Jan 30. Strong connectivity in directed graphs.

Edge Connectivity

Recall that we defined a graph to be $2$-edge connected if for any edge $e \in E(G)$, $G\setminus \{e\}$ is still connected. Another way to define $2$-edge connectivity would be if for every pair of vertices $i,j \in V(G)$, there are atleast two edge disjoint paths from $i$ to $j$. It turns out these two definitions are the same. Notice that one direction is trivial: if every pair of vertices $i,j$ have atleast two edge disjoint paths between them, then removing an edge $e \in E(G)$ can destroy at most one of these paths, hence $G\setminus \{e\}$ is still connected. The other direction is left as an exercise.

Connectivity in directed graphs

Strongly connected graphs:  A directed graph $D = (V, A)$ is strongly connected if for every pair of vertices $u, v \in V(G)$ there is a directed path in $D$ from $u$ to $v$ and a directed path from $v$ to $u$.

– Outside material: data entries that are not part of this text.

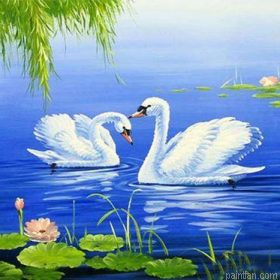 Two Lovely Swans Paint By Numbers.png
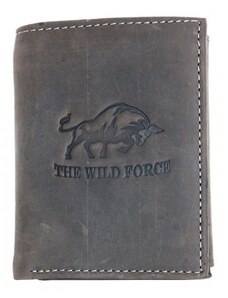 Kožená šedohnědá peněženka The wild force s býkem z pevné hovězí kůže FLW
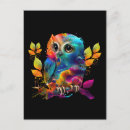 Recherche de hiboux colorés cartes postales Tendance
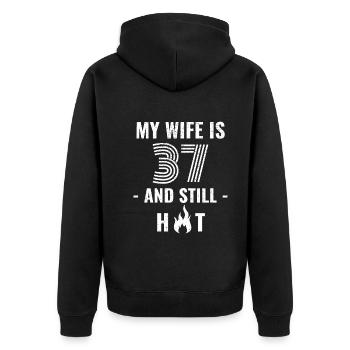 37 years birthday wife gift - Unisex Premium Organic Zip Hoodie - black - Back - Nico (187cm)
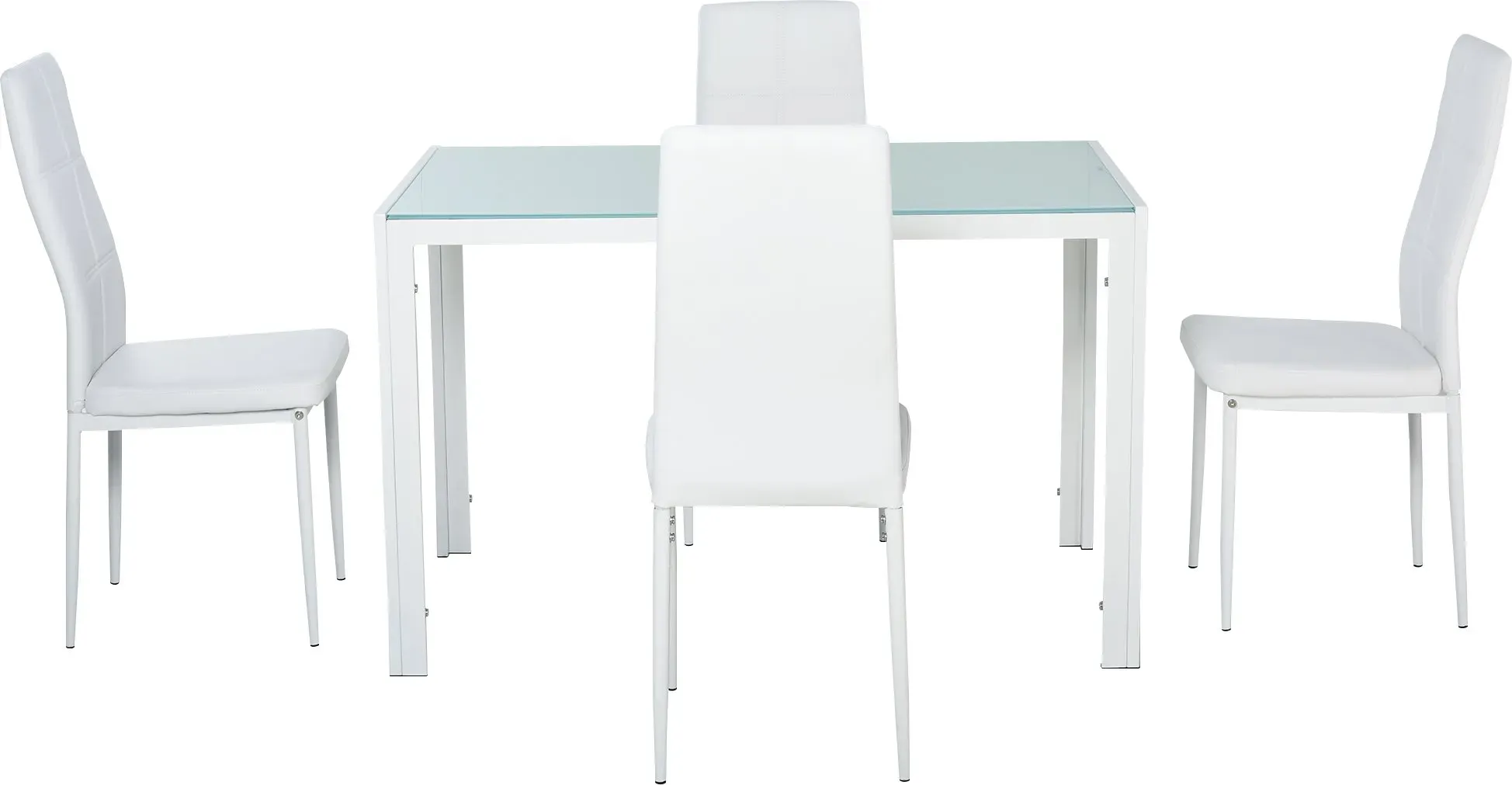 HOMCOM Esszimmer-Set mit Esstisch und Stühlen für 4 Personen, Küchentisch mit Stühlen, rechteckige Glasplatte, Metallgestell, für Küche Wohnzimmer Zuhause, Weiß   Aosom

Note that if we ignore arc directions, then a strongly connected graph is also $2$-edge connected. This may be seen for example by observing that strong connectivity implies that for every edge $e$, $G\setminus \{e\}$ is still connected.

Algorithm for finding the strongly connected components

Recall that we can use $DFS$ to discover the $2$-edge connected components of an undirected graph. An initial approach might be to convert $D$ to an undirected graph and use the algorithm for $2$-edge connectivity on $G$. However, while a strongly connected component is always a subset of a $2$-edge connected component, the converse unfortunately is not true.

Another approach is the following:

• Run $DFS$ on $D$ and every time $DFS$ finishes expanding a vertex $v$, add $v$ to a stack $S$.
• Let $D^R$ be the graph $D$ with the direction of all the arcs reversed.
• While the stack $S$ is non-empty, pop a vertex $v$ from $S$ and perform $DFS$ on $D^R$ starting at $v$. Let $U$ be the set of all the vertices visited by $DFS(v)$. Then $U$ is the strongly connected component containing $v$. Remove $U$ from $S$ and repeat.

This algorithm is known as Kosaraju’s algorithm and gives the strongly connected components of $D$.